From: Sven Conrad (Sven.Conrad@eed.ericsson.se)
Date: Thu Jun 08 2000 - 17:11:06 CEST
Gerard MARCADE wrote:
>
> Lest's have a look at paragraph 10.
>
> IP filtering allow firewall. I agree with that.
> It is the first part of the paragraph.
>
> In the second part of the paragraph, you seem to speak
> about private network and NAT (Network Address Translation).
> This is completly different, isn't it.
>
1)
NAT == masquerade is a feature of the linux - firewall. The
entire firewall is configured with ipfwadm (kernel 2.0.x).
With ipfwadm you can define many rules for accept or deny
ip-packets. There are rules that allow masquerade option.
AFAIK mulinux support only this masqurading roules within its
setup scripts. But anybody can define his own firewall rules
with direct use of ipfwadm.
I must admit, that I have not fully understand all ipfwadm
features, but it is very powerfull.
BTW: kernel 2.2.x has a new firewall: ipchains
2)
> IP filtering firewall is designed to control the flow of packets based the source, destination, port and packet type
This is ok. Source, destination, port specify for what kind of packet
this
roule is active i.e. if the packet is accepet or denyed on match.

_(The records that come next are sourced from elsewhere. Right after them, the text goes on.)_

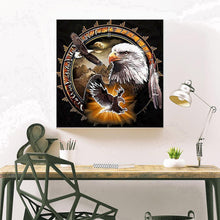 Charger l&#39;image dans la galerie, Aigle - diamant rond complet - 40x40cm
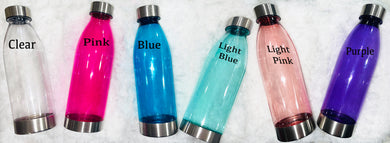 Personalized Transparent 22 oz Stainless Steel Top Water Bottle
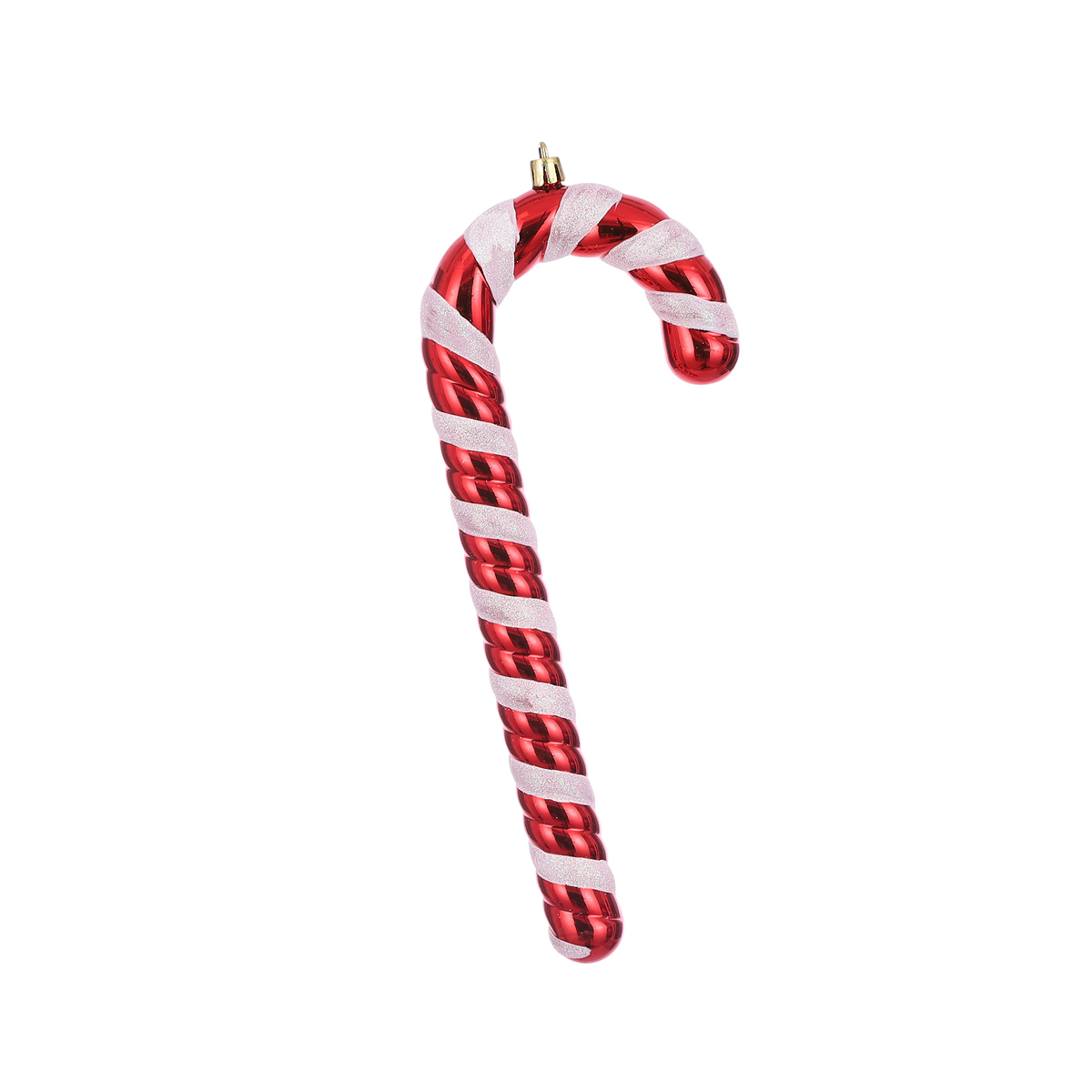 ΣΤΟΛΙΔΙ ΚΑΡΑΜΕΛΑ ΜΠΑΣΤΟΥΝΙ ΑΣΠΡΟ/ΚΟΚΚΙΝΟ - L10 h24cm ΠΛΑΣΤΙΚΟ image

>... You can enable IP masquerade feature and IP generic protection on a Linux server
not very informative, is it ??? It may be the result of - default rule
is deny - !
> allowing connected computers (running TCP/IP, but without registered Internet
address) to connect to the Internet through your muLinux box
is correct, but is a outcome of masqurading. So may be this could be a
new
sentence. But masqurading is allso a security issue, because the hidden
clients
are not accessable from Internet, only the router is seen.